Adam Zwig, |
Cast Iron Letters
In Cast Iron Letters, Adam Zwig takes a stylistically different approach to music. His overriding concern, like any other musician, is to communicate; however, the music is a method that seemingly comes secondary to the message. Now, that's not saying that Zwig's music seems secondary or even second-rate, because it's certainly not. It's just that Zwig is almost musically astylish. Even if this reviewer hadn't read the extensive artist notes about his music, specifically the decision to pursue blues and folk in lieu of rock music, I still would have noticed how Zwig's music doesn't fit into any stylistic niche.
Unlike musicians who are firmly entrenched in their style/genre, almost defined by it, Zwig takes on the folk and blues genres as if they are an outer coat and scarf. Folk and blues music don't seem to drive his music so much as their inherent ideology and application. Feeling that folk and blues music are more musically suited as a better means of communication than rock music, Zwig actively chose a style/genre with which to communicate his message, thereby making the message his primary concern and his music a secondary choice.
Throughout the album, Zwig brings the entire conceptual spectrum of emotion, thought, intention and observation. Seeing as the artist is also a psychotherapist, this should come as no surprise to anyone. Whether he's asking tough questions (such as the true culpability of a fallen soldier in "Who Killed Michael Vaughn?"), proselytizing utopist possibilities ("It's All Gonna Fall") or simply sharing a story of lost love ("Once a True Love"), Zwig is never preachy or approaching the listener from a lofty height of greater knowledge that so many musicians take. Instead, he's more of an offbeat ethereal Jiminy Cricket on our shoulder, asking questions and considering possibilities in lieu of providing direction and advice.

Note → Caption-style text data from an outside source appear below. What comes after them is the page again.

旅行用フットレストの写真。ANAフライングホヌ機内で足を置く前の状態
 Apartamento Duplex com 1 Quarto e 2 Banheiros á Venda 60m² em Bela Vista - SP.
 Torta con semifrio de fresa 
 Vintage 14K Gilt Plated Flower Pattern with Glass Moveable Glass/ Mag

Cast Iron Letters is a very cerebral album, the type that is intended as an experiential entirety rather than segmented or individual tracks. Think of it as chapters in a novel or paragraphs in an article -- some aspects are more enjoyable than others, but every part contributes towards the cohesive whole. Note that this novel -- er, album is certainly not light listening but is certainly worth the effort.